Start of INPUT DATA

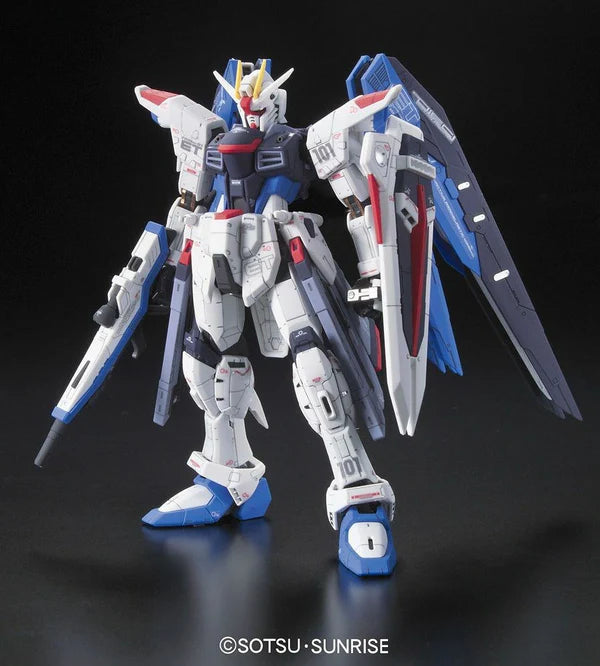 Bandai: 1/144 Freedom Gundam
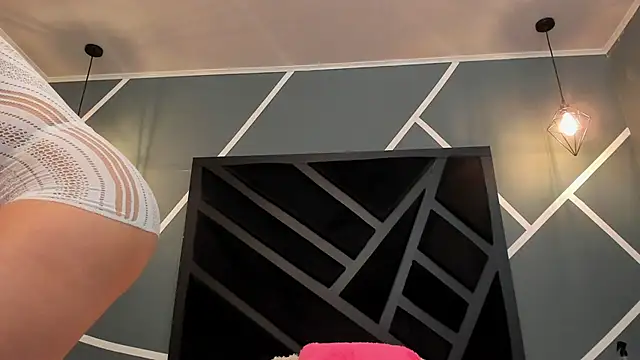 Alana cox  online show from 7, 10, 2025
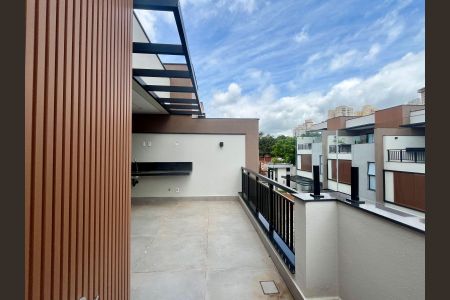 Casa de condomínio à venda com 158m², 3 quartos e 2 vagas Casa de condomínio à venda com 158m², 3 quartos e 2 vagasCobertura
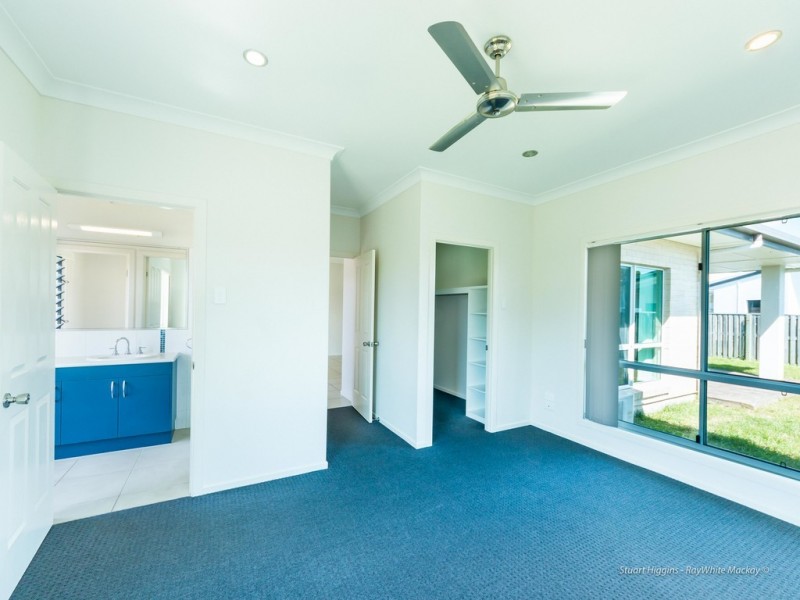 14 Village Cct, Eimeo QLD 4740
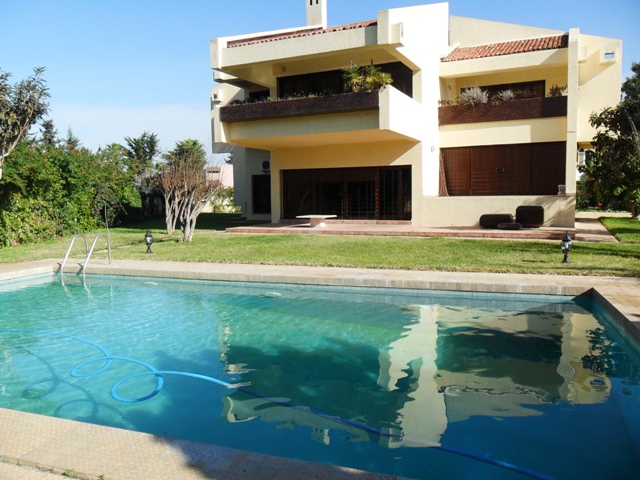 Location villa avec piscine à Souissi Rabat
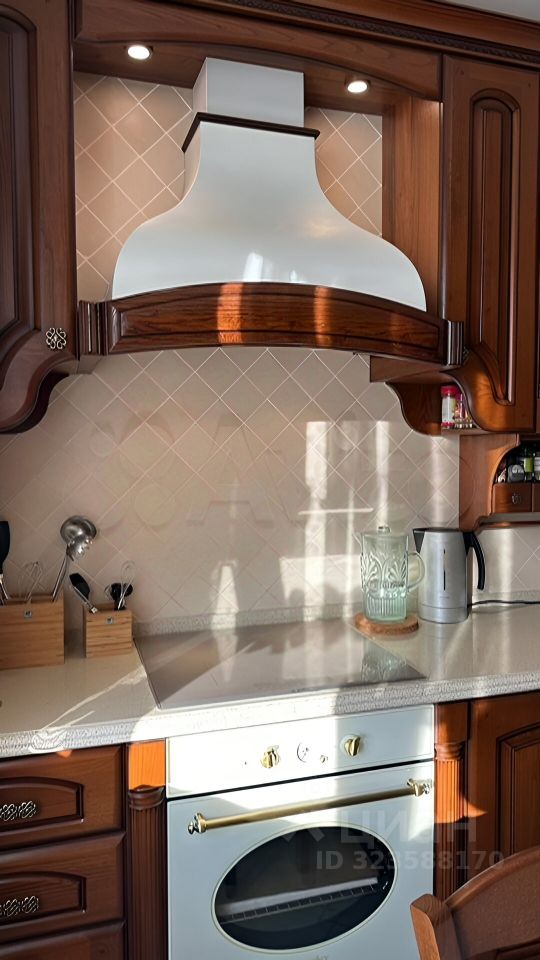 Продажа 3-комн квартиры на вторичном рынке Каргопольская улица, 16К2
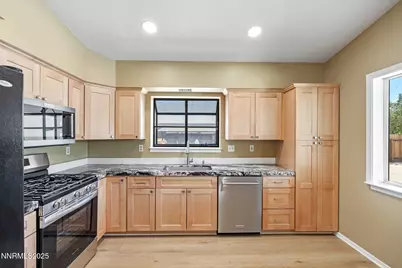 313 Stillwater Drive, Dayton, NV 89403 - Photo 14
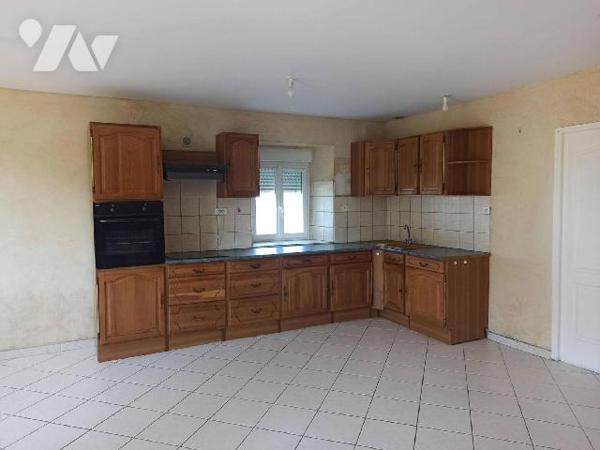 Maison construite en pierres sous ardoises naturelles comprenant :
Au rez-de-chaussée : Pièce p...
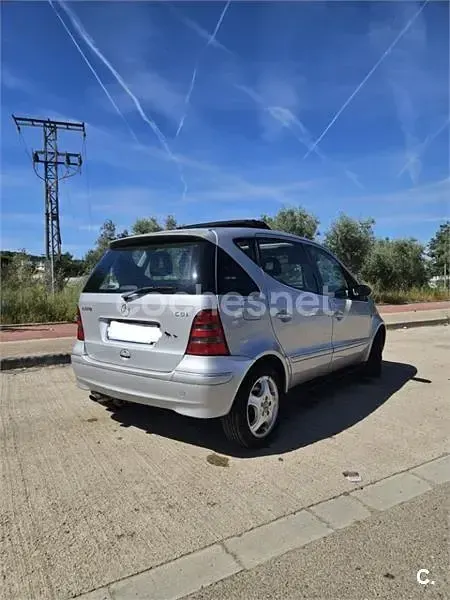 Usado Mercedes A170 Elegance 95 CV (69 kW) 2002 Gris / plata Monovolumen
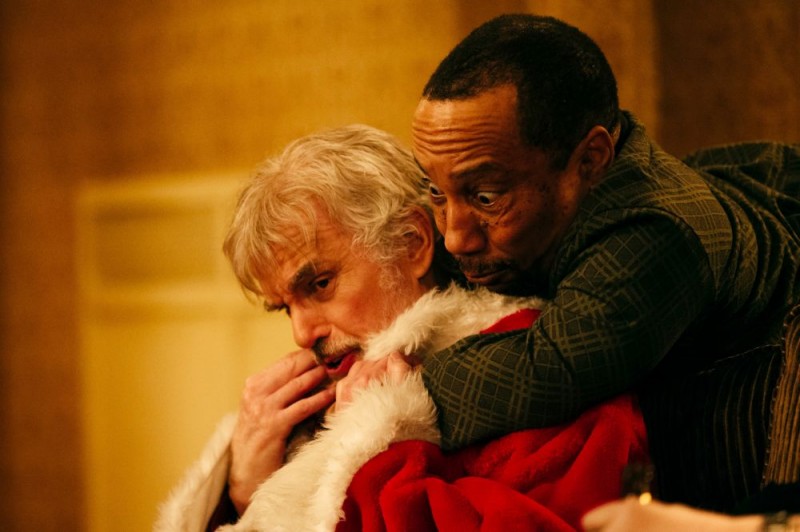 Billy Bob Thornton, Tony Cox ve filmu Santa je pořád úchyl / Bad Santa 2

End of INPUT DATA

WHAT TO PRODUCE
Using the data above, give again exactly the lines starting at the one holding "Location villa avec piscine à Souissi Rabat" and ending at the one holding "Usado Mercedes A170", inclusive, and nothing more. Omit the pictures.

ANSWER AREA
 Location villa avec piscine à Souissi Rabat
 Продажа 3-комн квартиры на вторичном рынке Каргопольская улица, 16К2
 313 Stillwater Drive, Dayton, NV 89403 - Photo 14
 Maison construite en pierres sous ardoises naturelles comprenant :
Au rez-de-chaussée : Pièce p...
 Usado Mercedes A170 Elegance 95 CV (69 kW) 2002 Gris / plata Monovolumen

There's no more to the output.